13.01.2010
Aufgrund des Volksentscheids vom 29.11.2009 verbietet uns die schweizerische Bundesverfassung in Artikel 72, Abs. 3 den Bau von Minaretten, während Kirchtürme und andere sakrale Turmbauten weiterhin im Rahmen einer lokalen Baubewilligung errichtet werden dürfen.
Das Verbot an sich stellt die freie Kultuspraxis nicht zur Disposition. Das Minarett ist Produkt der architektonischen Entwicklung, zunächst in den bilad ash-sham (vor allem Syrien), während der Phase der islamischen Expansion. In der wissenschaftlichen Literatur existieren verschiedene Thesen, wozu diese Türme errichtet wurden. Eine These tendiert dahin, Minarette als Leuchttürme zu interpretieren, was in etymologischer Kongruenz zu einem der drei gängigen arabischen Begriffen steht: manara (arab. Ort des Feuers, d.h. des Lichts). Eine andere These meint, dass die muslimischen Eroberer den unübersehbaren Kirchtürmen der syrischen Christen ein äquivalentes Symbol entgegenstellen wollten, um die neue Realität, sprich die Präsenz des Islams, ostentativ zur Schau zu stellen. Freilich lässt sich nachweisen, dass der adhan (arab. Gebetsruf), seit es Minarette gibt, von diesen herab ausgerufen wurde. Diese kulturell bedingte Entwicklung macht das Minarett aber noch lange nicht zum Kult. Kultusqualität kann nur beanspruchen, was sich auf die islamische Normativität, d.h. auf den Qur’an oder die authentische Prophetentradition (Sunna) zurückführen lässt. Während im Qur’an jeglicher Hinweis auf das Minarett fehlt, mangelt es in der Prophetentradition an einer klaren Spezifizierung des Begriffs manara. Ausserdem gibt es keine frühislamische Quelle, die die Existenz eines Minaretts, in der Art der heute üblichen Bauten, zu Lebzeiten des Propheten (saws) belegen würde. Aus der Prophetenvita (Sira) entnehmen wir, dass Bilal – N.B. der erste Muezzin – jeweils von einer nur leicht erhöhten Plattform auf dem Dach der Moschee zum Gebet rief.

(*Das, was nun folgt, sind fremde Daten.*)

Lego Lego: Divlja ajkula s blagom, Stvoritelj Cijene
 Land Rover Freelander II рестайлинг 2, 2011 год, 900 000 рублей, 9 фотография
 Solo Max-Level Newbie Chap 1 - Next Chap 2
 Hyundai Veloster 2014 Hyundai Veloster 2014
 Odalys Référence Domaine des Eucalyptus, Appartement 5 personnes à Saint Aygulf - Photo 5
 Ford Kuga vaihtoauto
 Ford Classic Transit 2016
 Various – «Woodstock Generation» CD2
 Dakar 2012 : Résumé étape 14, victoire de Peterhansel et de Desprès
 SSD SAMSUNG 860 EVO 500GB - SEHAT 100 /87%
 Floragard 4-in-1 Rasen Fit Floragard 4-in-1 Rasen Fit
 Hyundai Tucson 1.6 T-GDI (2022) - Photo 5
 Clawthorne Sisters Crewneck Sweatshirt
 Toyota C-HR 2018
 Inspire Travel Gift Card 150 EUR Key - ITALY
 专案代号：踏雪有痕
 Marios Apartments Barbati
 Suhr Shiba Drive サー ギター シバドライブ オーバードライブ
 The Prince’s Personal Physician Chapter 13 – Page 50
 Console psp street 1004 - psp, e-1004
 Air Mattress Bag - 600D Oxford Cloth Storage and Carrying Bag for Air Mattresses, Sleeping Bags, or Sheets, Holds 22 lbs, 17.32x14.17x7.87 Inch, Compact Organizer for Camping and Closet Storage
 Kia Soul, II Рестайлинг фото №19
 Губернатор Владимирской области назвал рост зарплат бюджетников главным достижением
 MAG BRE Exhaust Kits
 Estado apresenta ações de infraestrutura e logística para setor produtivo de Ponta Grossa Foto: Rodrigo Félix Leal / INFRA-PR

Davon unabhängig handelt es sich um eine baurechtliche Diskriminierung der Schweizer Muslime. Dass eine solche Diskriminierung ganz im Sinne seiner etymologischen Wurzel discernere (lat. unterscheiden) vorliegt, kann auch von den Minarettgegnern nicht negiert werden. Ausserdem dürfte der neue Absatz klar mit dem Art. 8, Abs. 1-2 BV (Rechtsgleichheit) konfligieren.
Der Islamische Zentralrat (IZR) betrachtet das Minarettverbot als eine problematische Diskriminierung der Schweizer Muslime und als eine Erosion fundamentaler demokratischer Werte wie der Religionsfreiheit und der Rechtsgleichheit. Trotz dieser Bedenken hat bislang keine muslimische Gemeinschaft den Rechtsweg beschritten, um eine Klärung durch den Europäischen Gerichtshof für Menschenrechte (EGMR) herbeizuführen.
Dabei wäre der juristische Weg vergleichsweise einfach: Bei einem bestehenden oder geplanten Moscheebau könnte ein separates Baugesuch für ein Minarett eingereicht werden. Die Gemeinde müsste dieses auf Grundlage des geltenden Verbots ablehnen, woraufhin der Fall durch die nationalen Instanzen geklagt werden könnte. Nach einem abschließenden Urteil des Bundesgerichts wäre der Weg zum EGMR offen.
Der Islamische Zentralrat ist bereit, eine solche Klage aktiv zu unterstützen, um eine rechtliche Überprüfung des Minarettverbots auf europäischer Ebene zu ermöglichen.